YQL query string if dry_run=True, None otherwise

Return type:

str | None

limit_table(input_table, output_table, limit, dry_run=False)[source]#

Limit number of rows from a table.

Parameters:
  • input_table (str) – Path to input table

  • output_table (str) – Path to output table

  • limit (int) – Maximum number of rows to return

  • dry_run (bool) – If True, return the YQL query without executing

Returns:

YQL query string if dry_run=True, None otherwise

Return type:

str | None

upload_file(local_path, yt_path, create_parent_dir=False)[source]#

Upload a file to YT.

Parameters:
  • local_path (Path) – Local file path to upload

  • yt_path (str) – YT destination path

  • create_parent_dir (bool) – If True, create parent directory if it doesn’t exist (default: False)

Return type:

None

upload_directory(local_dir, yt_dir, pattern='*')[source]#

Upload a directory to YT cluster.

Recursively uploads all files from a local directory to a YT directory, respecting .ytignore patterns if present.

Parameters:
  • local_dir (Path) – Local directory path to upload

  • yt_dir (str) – YT destination directory path

  • pattern (str) – File pattern to match (default: “*” for all files)

Returns:

List of uploaded YT file paths

Raises:

Exception – If directory upload fails

Return type:

List[str]

run_map(command, input_table, output_table, files, resources, env, output_schema=None, max_failed_jobs=1, docker_auth=None)[source]#

Run a map operation on YT cluster.

Submits a map operation that processes each row of the input table independently and writes results to the output table. The operation runs on the YT cluster with the specified resources and dependencies.

Parameters:
  • command (str) – Command to execute (typically bash command with script path).

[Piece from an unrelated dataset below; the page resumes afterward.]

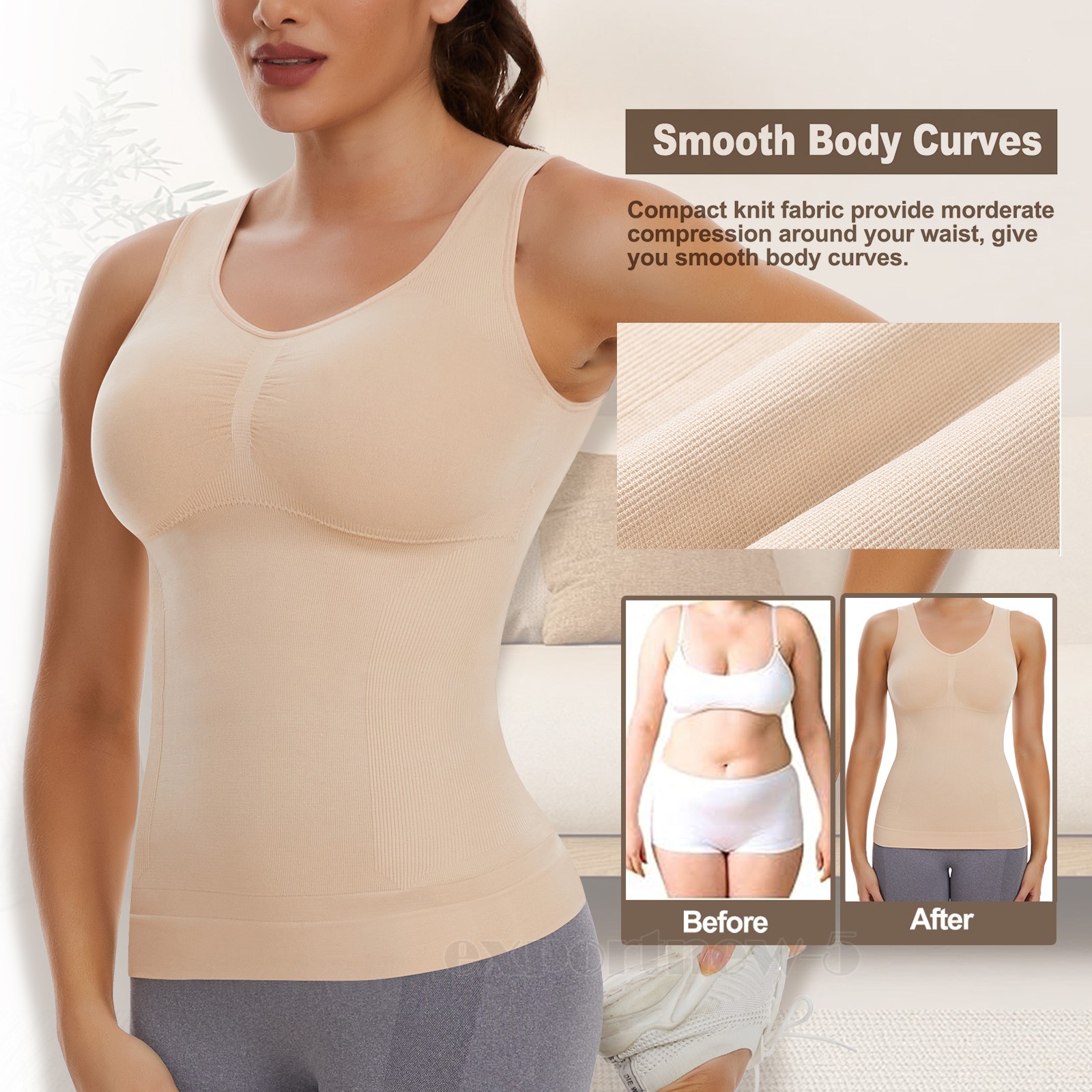 Womens Cami Shaper with Built in Bra Tummy Control Camisole Tank Top Body Shaper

  • input_table (str) – Input YT table path.

  • output_table (str) – Output YT table path.

  • files (List[Tuple[str, str]]) – List of (yt_path, local_path) tuples for dependencies.

  • resources (OperationResources) – Operation resource configuration (memory, CPU, GPU, etc.).

  • env (Dict[str, str]) – Environment variables dictionary.

  • output_schema (TableSchema | None) – Optional output table schema for typed output.

  • max_failed_jobs (int) – Maximum failed jobs allowed before operation fails.

  • docker_auth (Dict[str, str] | None) – Optional Docker authentication for private registries.

Returns:

YT operation object that can be monitored and waited on.

Return type:

Operation

Raises:

Exception – If operation submission fails.

run_vanilla(command, files, env, task_name, resources, docker_auth=None, max_failed_jobs=1)[source]#

Run a vanilla operation on YT cluster.

Submits a vanilla operation that runs a standalone job without input/output tables. The operation runs on the YT cluster with the specified resources and dependencies.

Parameters:
  • command (str) – Command to execute (typically bash command with script path).

  • files (List[Tuple[str, str]]) – List of (yt_path, local_path) tuples for dependencies.

  • env (Dict[str, str]) – Environment variables dictionary.

  • task_name (str) – Task name for the operation.

  • resources (OperationResources) – Operation resource configuration (memory, CPU, GPU, etc.).

  • docker_auth (Dict[str, str] | None) – Optional Docker authentication for private registries.

  • max_failed_jobs (int) – Maximum failed jobs allowed before operation fails.

Returns:

YT operation object that can be monitored and waited on.

Return type:

Operation

Raises:

Exception – If operation submission fails.